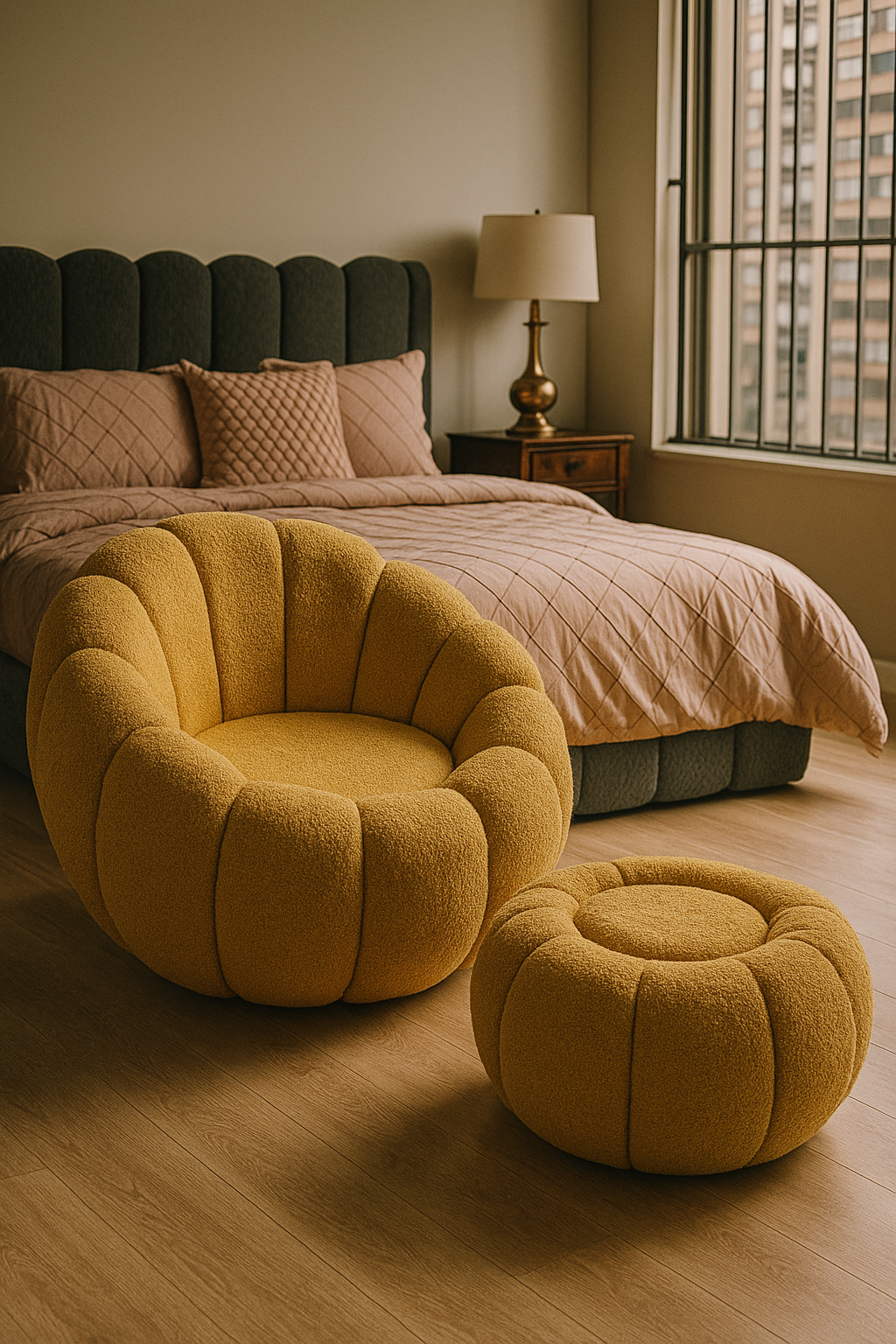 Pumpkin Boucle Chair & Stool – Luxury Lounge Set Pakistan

****

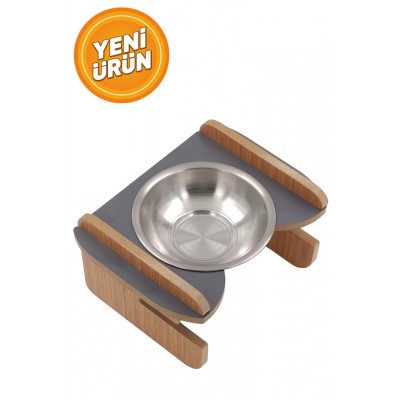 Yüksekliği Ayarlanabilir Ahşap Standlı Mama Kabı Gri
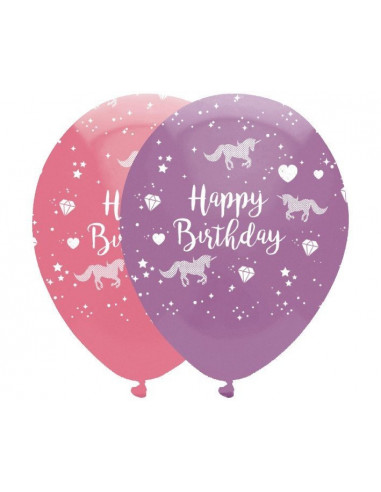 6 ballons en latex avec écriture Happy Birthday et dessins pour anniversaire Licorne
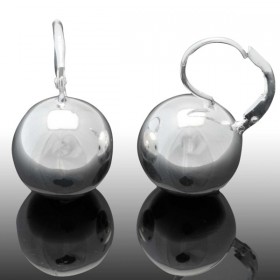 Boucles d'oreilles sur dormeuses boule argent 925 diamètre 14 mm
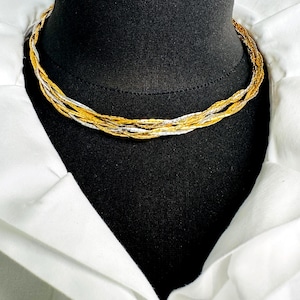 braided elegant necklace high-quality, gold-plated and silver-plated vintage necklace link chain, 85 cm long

****

#### YOUR OBJECTIVE:
Above are the records; restate exactly the lines from the one containing "6 ballons en" through the one containing "braided elegant necklace", keeping pictures out.

#### REPLY TO THE EXERCISE:
 6 ballons en latex avec écriture Happy Birthday et dessins pour anniversaire Licorne
 Boucles d'oreilles sur dormeuses boule argent 925 diamètre 14 mm
 braided elegant necklace high-quality, gold-plated and silver-plated vintage necklace link chain, 85 cm long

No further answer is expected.